Nada é totalmente urbano. A origem da tragédia da humanidade está totalmente ligada à sua ganância em dominar a natureza, em acreditar que somos separados dela. Aquilo que se considera urbano tem em sua essência a cultura ancestral, que é nativa dos povos originários.
Quando eu machuquei meu ombro eu tomava chá de canela de velho e açafrão. O Arthur se quebrou todas as vezes, ele botava argila no punho. É pelo resgate desses saberes que o filme se deu.
E o desafio de trazer temas complexos pro universo do skate, falar em eugenia, por exemplo?
Não dá pra crescer em algo tão subversivo quanto o skate e não questionar o que acontece nesses processos políticos. O cara que acha que o skate é só manobrar, não entendeu nada. É triste demais ver esse projeto de eugenia acontecendo, a devastação do cerrado faz parte desse processo genocida, que coloca a comunidade indígena e quilombola sob risco de morte. Ao passo que o agronegócio contamina a água, ele também contamina a cultura desses povos, quando ele taca fogo no nosso bioma, ele queima junto o patrimônio histórico e cultural desse país, na tentativa de apagar rastros da nossa miscigenação. Ali vivem curandeiras, raizeiras, benzedeiras, xamãs, parteiras, uma galera que tá aqui a milhares de anos antes de branco aparecer.
E pra quem se revoltou com o caso do George Floyd, abre o olho que além de matar povos pretos tem grileiro aqui apagando até a cultura desse povo, isso se faz a mais de 500 anos. Eu não vou conseguir te falar tudo sobre esse projeto, mas pra você ter uma ideia, a monocultura e o desmatamento daqui seca rios em todo o país, onde tem seca, tem miséria, tem vulnerabilidade, tem morte.

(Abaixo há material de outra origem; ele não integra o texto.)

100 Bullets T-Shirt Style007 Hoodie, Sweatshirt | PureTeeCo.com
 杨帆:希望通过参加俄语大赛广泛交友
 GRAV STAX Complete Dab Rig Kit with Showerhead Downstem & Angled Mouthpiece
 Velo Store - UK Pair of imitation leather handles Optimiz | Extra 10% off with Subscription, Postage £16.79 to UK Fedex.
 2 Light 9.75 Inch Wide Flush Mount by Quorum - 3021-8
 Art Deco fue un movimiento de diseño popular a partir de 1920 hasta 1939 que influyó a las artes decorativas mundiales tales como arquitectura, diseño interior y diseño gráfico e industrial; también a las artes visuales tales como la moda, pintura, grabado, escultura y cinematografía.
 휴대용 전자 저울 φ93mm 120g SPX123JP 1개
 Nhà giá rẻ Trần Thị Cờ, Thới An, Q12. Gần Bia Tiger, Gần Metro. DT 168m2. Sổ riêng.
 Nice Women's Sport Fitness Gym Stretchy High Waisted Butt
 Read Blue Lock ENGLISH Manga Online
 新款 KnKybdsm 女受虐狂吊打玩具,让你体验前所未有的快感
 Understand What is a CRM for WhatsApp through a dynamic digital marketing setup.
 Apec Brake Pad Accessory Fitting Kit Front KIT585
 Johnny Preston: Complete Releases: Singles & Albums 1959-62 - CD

Como o skate pode ajudar a conscientizar as pessoas em geral (ou ao menos os skatistas) sobre a importância de uma visão mais ampla, com mais conhecimento, além desse micro universo do skate?
Eu gosto de olhar pro skate como um guia pra imaginação. Se tem algo que pode nos salvar é a imaginação. Sem ela a gente não vê saída nenhuma. Imaginar outros formatos de consumo assim como imaginamos as possibilidades no skate. Pensar que o skate nos ensinou a viver em comunidade, então que olhemos pro outro como uma extensão de nós. “Eu sou outro você”.
Quem é o Victor?
Sou pai de Aruê, que é a pessoa mais motivadora pra mim. Fotógrafo desde meus 20 anos e skatista desde os 15. Tenho 32 anos, vivo aqui no Cerrado, em Goiânia (GO), um lugar que tem uma cena linda de skate, música e arte, e pessoas que me motivam em toda parte.
Tenho amigos que são uma verdadeira família pra mim, e uma família que são ótimos amigos.